As I sit on another plane heading across the Pacific from California, I have time to reflect on the discussions both this week, and over the last 6 months, with leading food and beverage and process companies.
The growing trend in the MES space, (which the dominate solution is “custom solutions”), is to replace these systems with “off the shelf” products, enabling companies to focus on the core business. This trend is similar to the ERP space in the 90s, and initially in the MES space in the late 90s, and 2000s, but MES solutions of this time did not deliver the complete solution, and the eventual solutions have become unsustainable for the “operational journey”. Thousands of sites have installed MES Products from Invensys and other vendors, that are highly successfully having run for over decade delivering significant value, but this time around there is more functionality capability people want, the architecture is not just one plant but multiple, and tolerance for custom code has significantly dropped. So why? And why now?
Reflecting on the discussions across many industries from process, mining, food, beverage, and general manufacturing, there are some common threads to the demise of “custom MES”:
· The customer MES solutions are functionally very rich exceeding the traditional functional definitions of MESA etc with inbuilt operational practices in code, often focused on only a plant’s needs. The pace of change in operations, and pressure for new capability is growing both in capability and time to deliver.
· Opportunities have moved from one plant to multiple plant, in order to provide the consistency and agility across the industrial landscape. Requiring significant governance, and alignment both in execution and information.
· There is a younger generation (Gen X born 1960 to 80s) at the CIO and engineering level that have grown up with “packaged software”, and know that it works and should be leveraged.
· Rotating staff in all roles requires faster time to experience, requiring embedded operational practices across plants.
It is also necessary to note that the MES solutions on the market where developed from a level 3 point of view yet when applied they must interact with the plant automation systems, as well as the many workers across the plants.
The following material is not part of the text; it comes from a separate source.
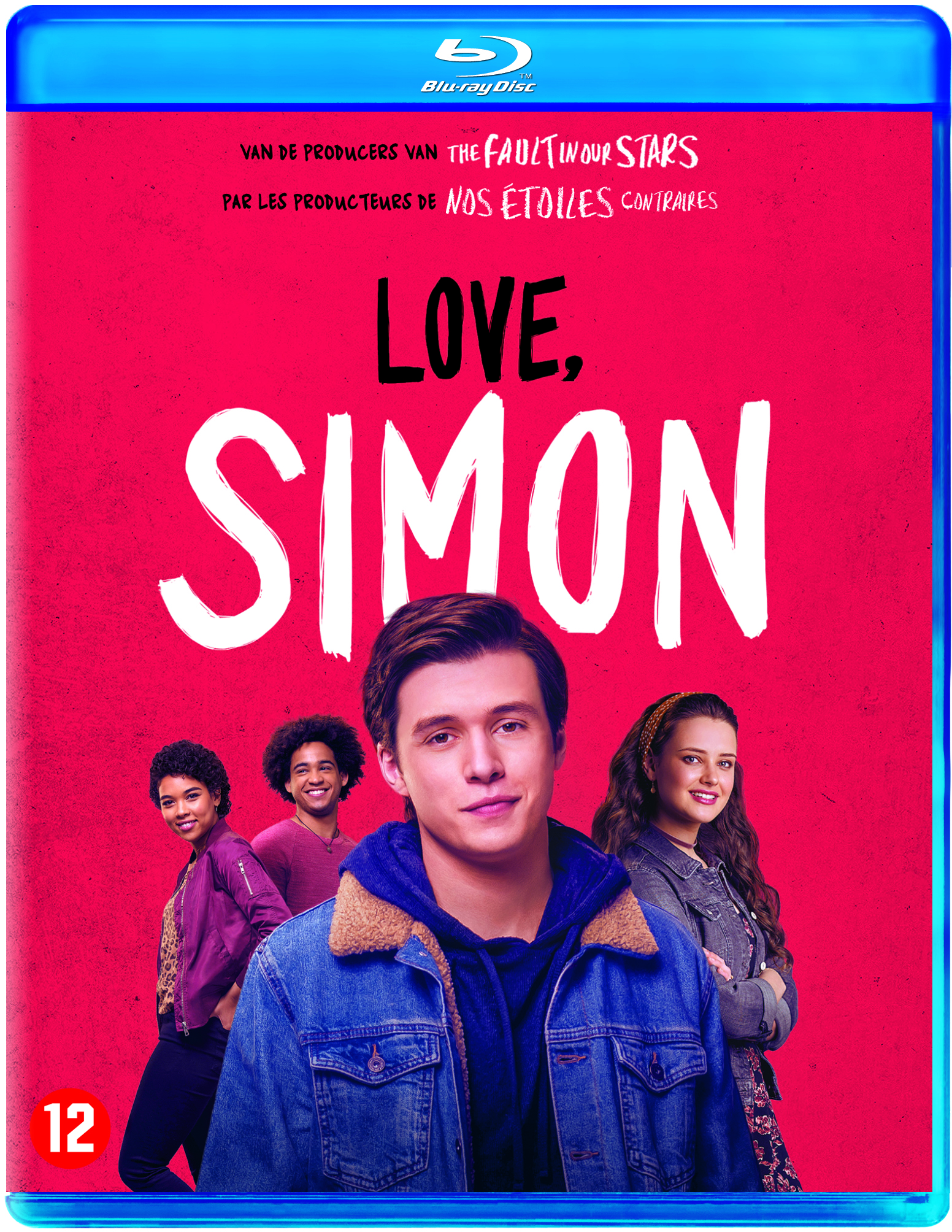 Blu-ray disc cover voor de film Love, Simon, met verschillende acteurs die lachen op de voorgrond.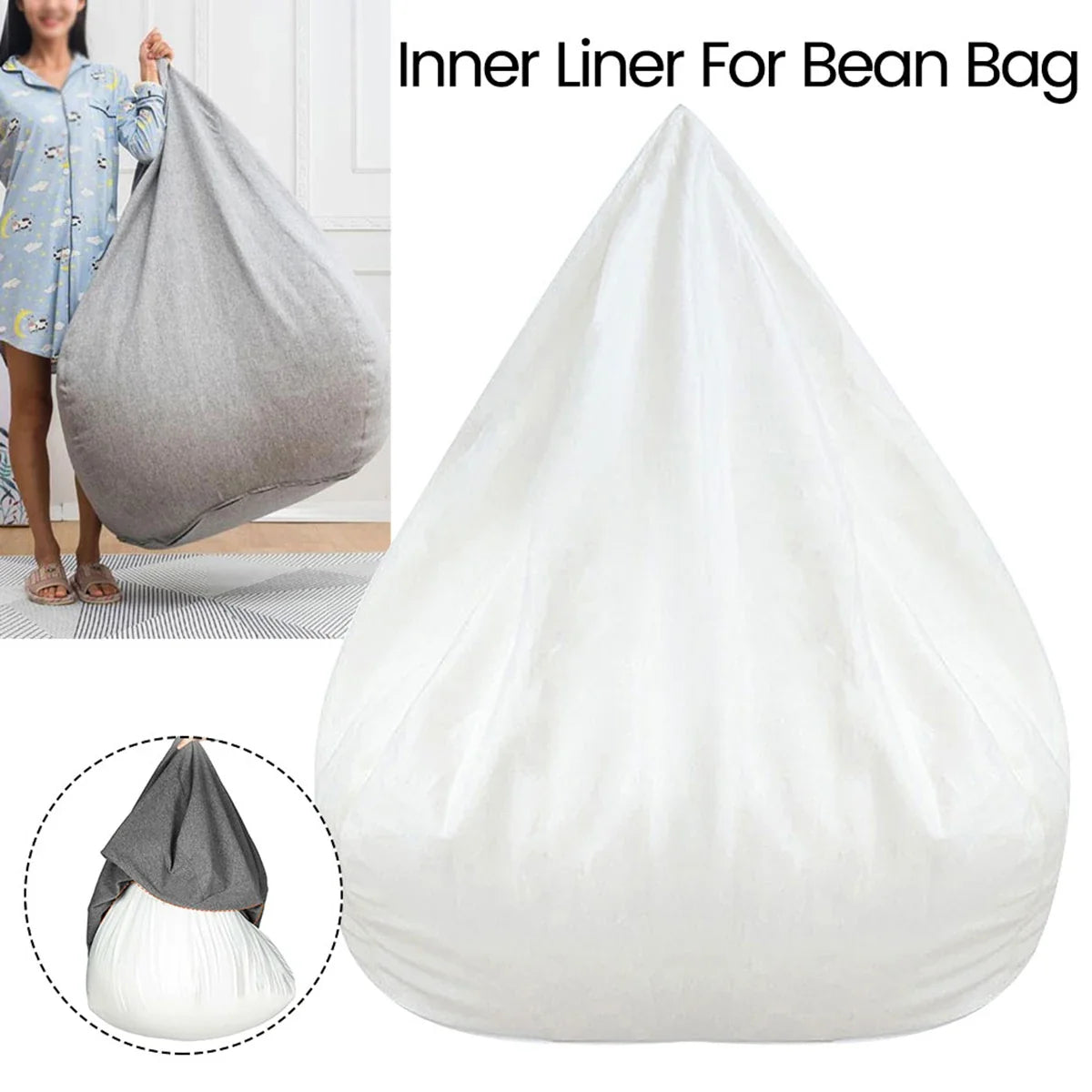 Sofá Interior de Repuesto Sin Relleno Lavable Extraíble Sofá Perezoso Forro Interior para Puf, Sofá de Salón, Sillón, Otomana, Puf, Diván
There were two areas of solution that contributed to the custom code:
Automation Layer Integartion:
Since the MES Products originated from level 3 specialized supplies (even if they are now apart of automation companies their origins came from standalone companies) the plant floor integration was external to MES model using OPC etc, requiring significant custom code in the automation layer was to validate the event, and data. A sustainable solution requires level 2 and 3 systems natively modeled, with minimal custom code as illustrated below. The ability to configure (not code) a set of equipment templates, that model the equipment (entities) with built in supervisory capability as well as operational capability for such things as production data capture, quality sampling, utilization capture etc. Rolling these templates out over multiple sites, providing a consistent automated production event/ data capture.
Client, Human Interface:
The second area of significant coding on the first generation of MES solutions was at the client or user interface that captures manual data, at production event generation. The data validation is required as close to source, requiring significant custom code that guides the data entry for the user with constructive feedback. Also, the job never seemed to finish with the operational practices continuing to change/ evolve as the companies operational practices evolved. In the above solution workflow combined with form generation and interaction, enables change and evolution in a sustainable manner.”Activity” specific interfaces and associated workflows will guide the user through the activity, and interface to MES capability capturing the required information.
The above approach is a full MES/ Operations architecture, that enables the configuration of embedded operational practices of a site and company, but in “off the shelf” products, faster solution delivery and in a more sustainable way. In many ways, this adding of realtime natural interface, combined with workflow for human interaction and embedded operational procedures extends the traditional MES capability as defined by “MESA or ISA 95” to be a second generation that does have the opportunity to be adopted across 1000s of plants.